Lacrosse field set for NCAA tourney
The Virginia lacrosse teams both anticipated playing for a national championship this month. They just never expected it to be like this.
The men's and women's teams learned their NCAA tournament seedings Sunday night, a day after women's player Yeardley Love was buried in her native Maryland. The 22-year-old was found beaten in her apartment earlier in the week and Charlottesville authorities have charged George Huguely of the men's team with first-degree murder.
Both teams decided to play on with the support of Love's family.
The Cavaliers men's team was given the top seed in the 16-team field. Appearing for the 17th time in coach Dom Starsia's 18 seasons, Virginia will host Mount St. Mary's on Saturday night. It will not only be the first game for the team since the program was rocked by the slaying, but also since Starsia's father died Friday after a long illness.
The women's team, making its 15th consecutive trip to the tournament under coach Julie Myers, was given a No. 6 and will play at home against Towson on Sunday.
The off-the-field events have left both squads having to find ways to put aside their grief long enough to focus on competing in the tournament.
"It's hard to put into words what this week has been like. Tragic on so many different levels," Starsia said, noting that he rejoined the team for practice on Sunday. "I was glad to be able to at least consider the lacrosse piece of this again, both on the field this afternoon with the team and talking about lacrosse this evening."
Starsia has guided Virginia to three national championships, the last in 2006, and said he told the players when they met on Monday that there's no roadmap for the journey just ahead.
"We're going to try to take this as a group and as a family and try to take this in small pieces and begin to move forward, and today may have been the first small step," he said.
Starsia said he and Myers talked often this week, and that he was surprised when he asked her Thursday if her team was planning to continue its season.

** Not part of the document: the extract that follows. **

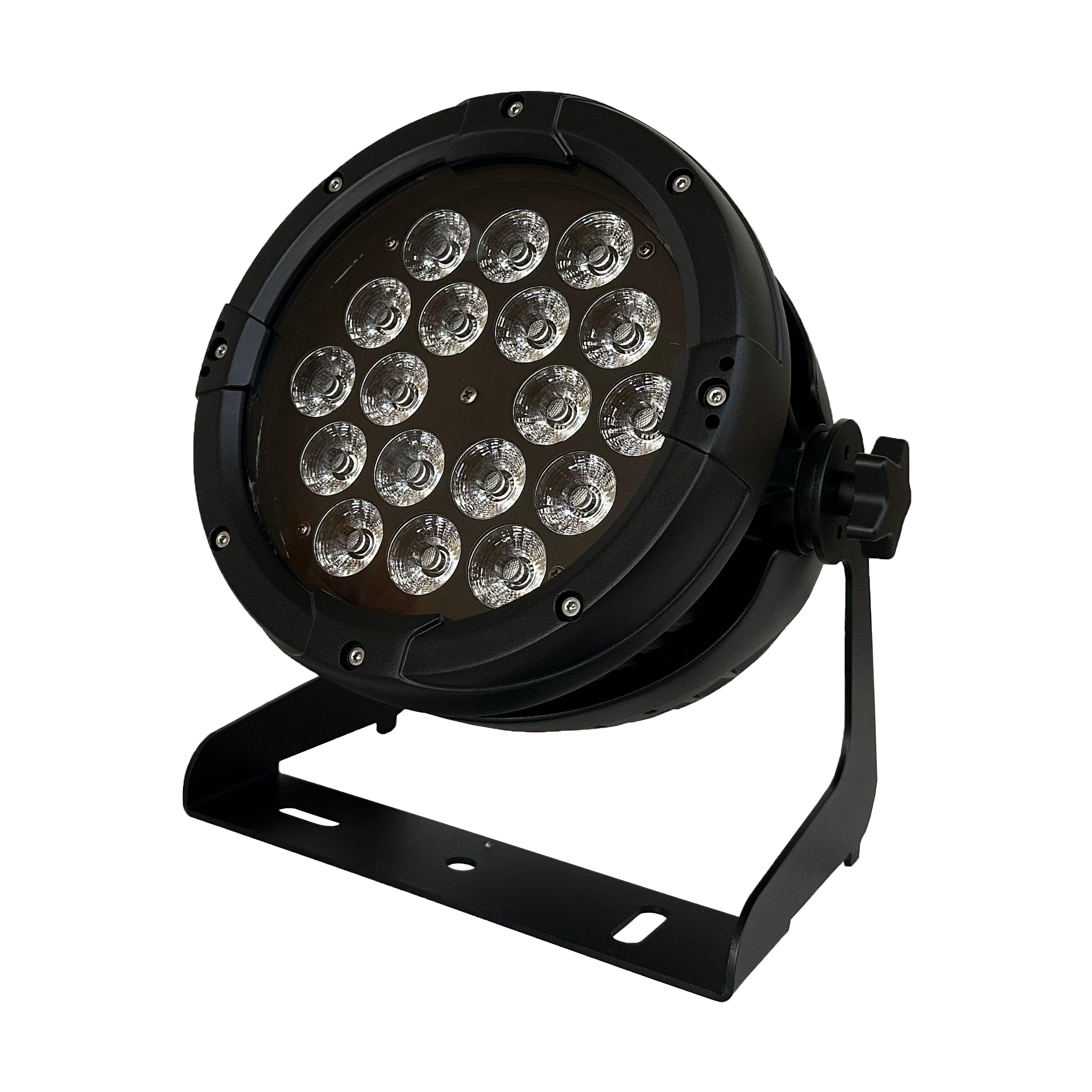 18x18w 6in1 Rgbwauv Outdoor Par 18X12W IP65 Christmas Lights Waterproof RGBW 4In1 DMX Control DJ Led Par Stage Light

She gave him a quizzical look, he said, and said, "Well, we're playing."
Few can understand the kind of attention that could follow Virginia's teams through the NCAAs better than Duke coach John Danowski. He took over the Blue Devils' program during the headline-grabbing, divisive rape investigation in 2006 and '07.
The false allegations ignited debates on race, class and athletic privilege at the elite university in Durham, N.C.
The Duke team had months to get accustomed to all the attention before falling by a goal to Johns Hopkins in the national championship game in Baltimore.
"We had eight months to process it and we had eight months to be together," Danowski said. "I can't tell you that there's any similarity. ... They've got to mourn."
Danowski says that's why he has not reached out to UVA men's coach Dom Starsia.
The Duke scandal prompted the university to cancel the second half of the 2006 season and fire longtime coach Mike Pressler. It then followed the Blue Devils the entire next year, forcing Danowski to spend probably as much time counseling wounded players and trying to keep them talking about their feelings as he did preparing each game plan in his first season.
"I know that winning a game or losing a game - and I said this - didn't make you a good person or a bad person," Danowski said. "It just made you part of a team. Winning wasn't going to make everything go away and losing wasn't going to. It was just a game, for two hours in the afternoon."
Playing won't make things right again at Virginia. But at this point, it's all they can do.
"The 70 remaining athletes have gone through so much in this short time ... I have to believe that playing this out would almost be an act of catharsis," said Robert Carpenter, a former player at Duke who founded Inside Lacrosse magazine after graduating in 1996.
That process has begun elsewhere, too.
Both Danowski and Maryland men's coach Dave Cottle said they had met with their players last week to discuss Love's death and Huguely's arrest. As Cottle said, "I don't think this is a lacrosse issue. This is a life issue."
"I've been involved in lacrosse for 30 years and I've never heard anything like this," Cottle said. "It's devastating for all involved - for the families of course, and for the lacrosse community. You don't want this to be the way lacrosse is being perceived.
"Hopefully, most people intelligently will look at it and say it was an individual act by an individual kid and not paint the whole sport with a brush."
Carpenter said the Duke case ultimately galvanized a tight-knit lacrosse community, which has national reach but is concentrated in the Mid-Atlantic and Northeast regions. He hopes the events at Virginia generates a similar show of support within the sport for a pair of reeling programs trying to focus on a game again.
"Life's just been turned upside down for those at arm's length from this incident," Carpenter said, "let alone those closest to it."